The `SELECT` command can be used as either a statement on its own, or as a clause within other statements (e.g: `INSERT AS SELECT`). The `SELECT` is often referred to as the query, while its output is often referred to as the result set.

Note, when querying multiple data sources with ambiguous column names, the `table_name` or the alias must be used before each `column_name`.

Note: Both implicit joins (`SELECT FROM A,B WHERE a.id=b.id`) and explicit joins (`SELECT FROM a JOIN b ON a.id=b.id`) are supported. More details below.

## Parameters

**`WITH clause`**

The `WITH` clause allows you to specify one or more subqueries that can be referenced by name in the primary query. A `WITH` query that is referenced more than once in `FROM` is computed only once. Each subquery should be a `SELECT` statement.

**`ALL`**

Includes duplicate rows (if exist) in the result set.

This is the default.

**`DISTINCT`**

Eliminates duplicate rows from the result set.

**`DISTINCT ON expression`**

Eliminates duplicate rows from the result set, where equality is determined by the specified expressions.

E.g: `SELECT DISTINCT ON(c_gender) c_gender, c_name FROM customers`; to retrieve the first `c_name` and its `c_gender` per `c_gender` column.

Note that the first row of each set is unpredictable unless `ORDER BY` is used to ensure that the desired row appears first.

Notes:

1. The `DISTINCT ON` can use multiple expressions (e.g. `DISTINCT ON (a,b,d)`).
2. The `DISTINCT ON` can use columns that aren't projected (e.g. `SELECT DISTINCT ON(a) b,c`).

**`expression`**

A scalar expression to retrieve in the query. Scalar expressions produce values suitable to store in a single table cell (one column of one row).

The expression can either be a compound of:

* Column name from the data source the query is reading. Column names can be specified as `table_name.column_name`, or just `column_name` if they are not ambiguous in multiple data sources in the queries.
* Constant expressions such as literals (e.g: `SELECT` '`Hello`', `6*1.4`) representing a simple value that doesn't change.
* Functions that can receive both columns and literals (e.g: `SELECT NOW()`, `UPPER(o_name)`, `0.20*o_totalprice`).
* Aggregate functions that operate on a group of rows based on their value. See [Aggregate functions](/sql/sql-functions-and-operators/aggregate-functions).

Or one of the following:

* '`*`' to retrieve all columns in the query data sources (e.g: `SELECT * FROM orders`;)
* '`ROWID`', to return the unique `ROWID` of each row within a specific table.
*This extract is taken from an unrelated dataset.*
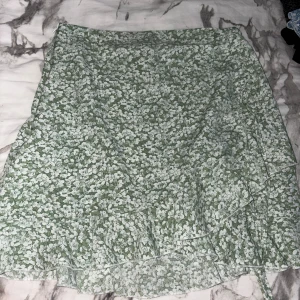 Grön blommig omlottkjol - Supersöt grön kort omlottkjol med vitt blommönster. Kjolen har volangkant och knyts i sidan för en extra snygg detalj. Perfekt för dig som gillar en fräsch och somrig vibe.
Note that `ROWID` can be retrieved only when the FROM object is a single table, e.g., it cannot be retrieved as a result of a join. In addition, it cannot be retrieved as part of a subquery, and cannot be used in a compound expression (e.g. the expression `ROWID+5 or COUNT(ROWID)` is not allowed).

Notes:

1. expression must not be empty. Empty `SELECT` list (e.g: `SELECT FROM table_name`) is not allowed.
2. Only one aggregated DISTINCT operation is allowed in the query selected fields, unless using the same aggregated input expression. This means that the following example: `SELECT AVG(DISTINCT a), AVG(DISTINCT b) FROM my\_table`; is not valid. While `SELECT AVG(DISTINCT sale_price)`, `STDDEV(DISTINCT sale_price) FROM transactions`; is valid.

**`output_name`**

A substitute alias name for the expression/column name. The alias name should match the [Identifiers Limitations](/sql/appendices/indentifiers-limitations).

<Note>
  Note: The column alias in the `SELECT` section can only be used in the `GROUP BY` / `ORDER BY` / nesting query if this is a subquery. In the `WHERE` and `HAVING` clauses the column should be specified with its origin name.
</Note>

**`FROM`**

Specifies one or more source tables for the `SELECT` to read from.The `FROM` can contain either table name, or subqueries.
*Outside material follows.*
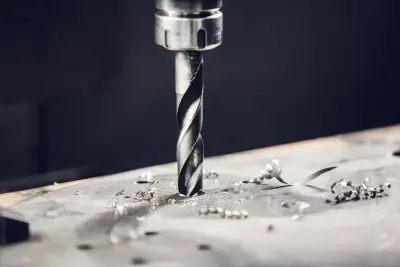 Close-up photograph of a CNC drill bit showing wear on cutting edges next to a cross-section of drilled hole with clean walls versus one with rough edges due to worn tool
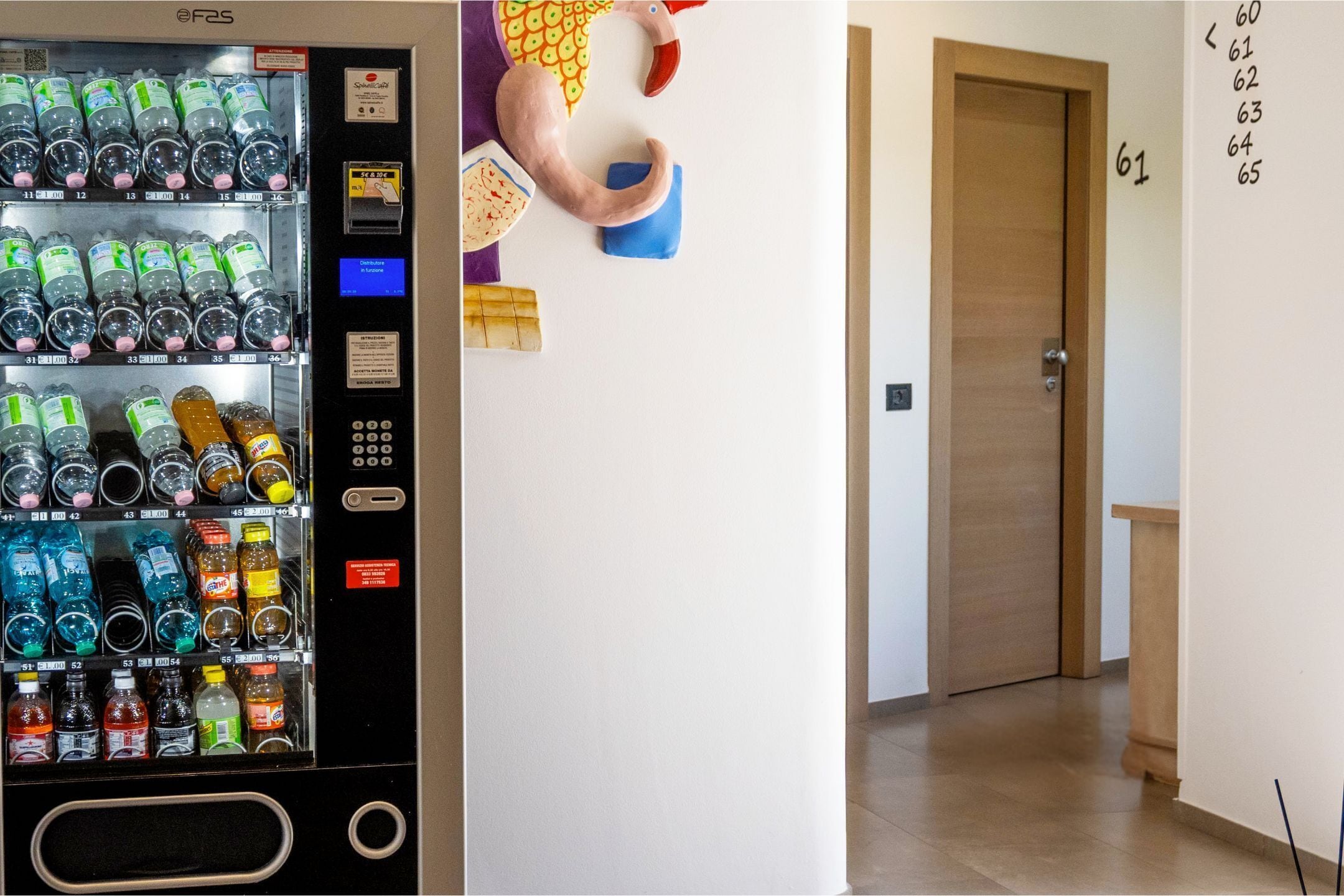 A vending machine with various beverages and a wall with a number sequence.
The default join type between the `FROM` sources depends on the join syntax:

Explicit join: When `join_type` is specified, the specified `join_item`’s are joined by the specified `join_type` and by the specified `join_condition`. If the `join_type` is simply the keyword `JOIN`, `INNER JOIN` is used as the default join type (see below).
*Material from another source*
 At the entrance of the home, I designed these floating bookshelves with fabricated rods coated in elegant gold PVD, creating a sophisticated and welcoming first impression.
Implicit join: If more than one source is specified in the FROM list without `join_type`, those sources will be joined by the matching join condition at the `WHERE` clause. If no such condition is specified, the join will be a `CROSS JOIN`.

**`table_name`**

The name of the table to read.

**`alias`**

A substitute name for the `FROM` item containing the alias. When an alias is provided, it completely hides the previous name of the table;

E.g: Given `FROM customer AS cust`, the remainder of the statement must refer to this `FROM` item as `cust`, and not as `customers`.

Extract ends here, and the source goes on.